This is more of a challenge question than something I urgently need, so don't spend all day on it guys.
I built a dating site (long gone) back in 2000 or so, and one of the challenges was calculating the distance between users so we could present your "matches" within an X mile radius. To just state the problem, given the following database schema (roughly):
USER TABLE UserId UserName ZipCode
ZIPCODE TABLE ZipCode Latitude Longitude
With USER and ZIPCODE being joined on USER.ZipCode = ZIPCODE.ZipCode.
What approach would you take to answer the following question: What other users live in Zip Codes that are within X miles of a given user's Zip Code.
We used the 2000 census data, which has tables for zip codes and their approximate lattitude and longitude.
We also used the Haversine Formula to calculate distances between any two points on a sphere... pretty simple math really.
The question, at least for us, being the 19 year old college students we were, really became how to efficiently calculate and/store distances from all members to all other members. One approach (the one we used) would be to import all the data and calculate the distance FROM every zip code TO every other zip code. Then you'd store and index the results. Something like:
SELECT User.UserId
FROM ZipCode AS MyZipCode
INNER JOIN ZipDistance ON MyZipCode.ZipCode = ZipDistance.MyZipCode
INNER JOIN ZipCode AS TheirZipCode ON ZipDistance.OtherZipCode = TheirZipCode.ZipCode
INNER JOIN User AS User ON TheirZipCode.ZipCode = User.ZipCode
WHERE ( MyZipCode.ZipCode = 75044 )
AND ( ZipDistance.Distance < 50 )
The problem, of course, is that the ZipDistance table is going to have a LOT of rows in it. It isn't completely unworkable, but it is really big. Also it requires complete pre-work on the whole data set, which is also not unmanageable, but not necessarily desireable.

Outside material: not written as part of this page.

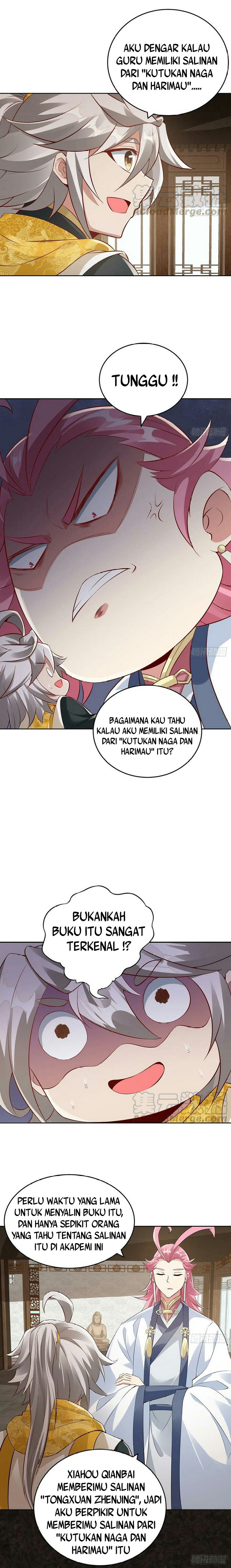 Inverse Scale Chapter 88 Gambar 4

Anyway, I was wondering what approach some of you gurus might take on something like this. Also, I think this is a common issue programmers have to tackle from time to time, especially if you consider problems that are just algorithmically similar. I'm interested in a thorough solution that includes at least HINTS on all the pieces to do this really quickly end efficiently. Thanks!